Last night my dreams were haunted by a song.

Awake now, I cannot recall the words,

but all the world would dance in common time

If only they could hear it. At its heights

the melody would soar, and as it fell

it held me close, it gently laid me down.

I try in vain to write the structure down

but it evades me. My concentration breaks. This song

has me possessed; in one fell

swoop its hook is in my brain, worms in my ears, words

stick in my chest. The bar is set, musical heights

to which I must climb. Lord, give me strength. Give me time.

It swells in my ears again, lighter than air, and I recall a time

spent breathing in the atmosphere above the Yorkshire Down

on Brontë walks. And how apt those words seem now from Wuthering Heights:

It’s always, always in my mind; I am this song!

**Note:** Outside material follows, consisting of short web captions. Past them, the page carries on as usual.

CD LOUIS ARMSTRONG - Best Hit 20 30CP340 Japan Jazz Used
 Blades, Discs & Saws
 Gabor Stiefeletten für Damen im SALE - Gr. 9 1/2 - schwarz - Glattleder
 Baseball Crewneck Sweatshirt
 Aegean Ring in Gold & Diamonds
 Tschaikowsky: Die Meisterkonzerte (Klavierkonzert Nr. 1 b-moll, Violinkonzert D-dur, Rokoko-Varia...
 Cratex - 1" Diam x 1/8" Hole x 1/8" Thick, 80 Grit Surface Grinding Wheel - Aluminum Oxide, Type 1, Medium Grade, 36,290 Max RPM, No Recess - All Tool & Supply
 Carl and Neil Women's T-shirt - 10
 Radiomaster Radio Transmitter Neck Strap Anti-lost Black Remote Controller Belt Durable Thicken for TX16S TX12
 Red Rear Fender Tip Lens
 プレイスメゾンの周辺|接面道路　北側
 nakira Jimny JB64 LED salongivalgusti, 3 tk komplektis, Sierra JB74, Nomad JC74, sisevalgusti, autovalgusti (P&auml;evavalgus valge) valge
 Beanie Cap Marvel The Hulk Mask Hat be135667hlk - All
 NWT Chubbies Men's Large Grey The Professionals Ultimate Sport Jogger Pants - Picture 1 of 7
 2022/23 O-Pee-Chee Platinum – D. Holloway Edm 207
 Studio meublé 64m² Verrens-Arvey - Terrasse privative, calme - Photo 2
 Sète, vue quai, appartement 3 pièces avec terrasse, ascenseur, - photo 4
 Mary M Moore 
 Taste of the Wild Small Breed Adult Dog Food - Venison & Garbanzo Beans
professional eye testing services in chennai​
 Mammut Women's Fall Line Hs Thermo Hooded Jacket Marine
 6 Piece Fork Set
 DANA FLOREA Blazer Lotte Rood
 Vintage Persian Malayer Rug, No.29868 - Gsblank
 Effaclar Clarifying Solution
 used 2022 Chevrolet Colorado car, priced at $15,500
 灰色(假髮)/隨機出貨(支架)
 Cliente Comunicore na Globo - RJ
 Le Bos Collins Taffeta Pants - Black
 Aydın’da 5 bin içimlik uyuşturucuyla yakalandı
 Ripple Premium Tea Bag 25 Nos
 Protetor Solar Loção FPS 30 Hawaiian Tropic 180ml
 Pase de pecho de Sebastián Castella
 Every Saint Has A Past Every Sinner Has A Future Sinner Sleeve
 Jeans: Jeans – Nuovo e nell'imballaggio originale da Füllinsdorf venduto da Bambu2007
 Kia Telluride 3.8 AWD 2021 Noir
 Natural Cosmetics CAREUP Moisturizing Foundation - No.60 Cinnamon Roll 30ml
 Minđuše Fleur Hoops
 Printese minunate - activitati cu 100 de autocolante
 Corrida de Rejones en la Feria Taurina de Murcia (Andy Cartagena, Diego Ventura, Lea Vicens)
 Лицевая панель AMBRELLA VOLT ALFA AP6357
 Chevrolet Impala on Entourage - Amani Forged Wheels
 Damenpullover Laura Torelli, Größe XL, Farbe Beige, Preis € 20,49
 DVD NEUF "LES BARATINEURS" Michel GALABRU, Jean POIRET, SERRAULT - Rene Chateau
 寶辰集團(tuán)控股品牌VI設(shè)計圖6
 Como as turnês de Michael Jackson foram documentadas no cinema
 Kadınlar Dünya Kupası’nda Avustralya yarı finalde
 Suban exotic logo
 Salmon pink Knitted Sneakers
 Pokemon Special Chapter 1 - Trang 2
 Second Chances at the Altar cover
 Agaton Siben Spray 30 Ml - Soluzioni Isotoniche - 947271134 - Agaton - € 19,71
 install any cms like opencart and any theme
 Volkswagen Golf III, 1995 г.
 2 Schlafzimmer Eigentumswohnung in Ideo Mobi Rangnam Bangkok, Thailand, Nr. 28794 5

Don’t talk of our separation again. Your words

would only irritate, like tinnitus, ringing in the ears on which they fell.

That day, the sheep stared from their graze on the fell.

Now, I stare at the wall. I don’t know how much time

passes, but I still can’t find the words.

I force myself to leave the flat, walk down

to the cliffs; the sharp sea air might clear my head. But now the song

is stronger. I hear it in the rush of the waves, the wind in the heights.

They’ve never been my forte, heights,

but on this day I feel that, if I fell,

I would be borne upward by the song

And drift among the clouds for a time.

Perhaps I would never need to come down;

But my actions now drown out my words.

I can almost make out the harmony, the words,

the strain, but from these heights

there is no way but down.

The birds around me squawk, fell

voices in the air, and for the first time

I can’t hear it, the rushing wind blots out the song-

I was there when he came down; watched, helpless, as he fell.

They found words left before he jumped from the heights,

wishing that, in time, we all would hear the sirens’ song.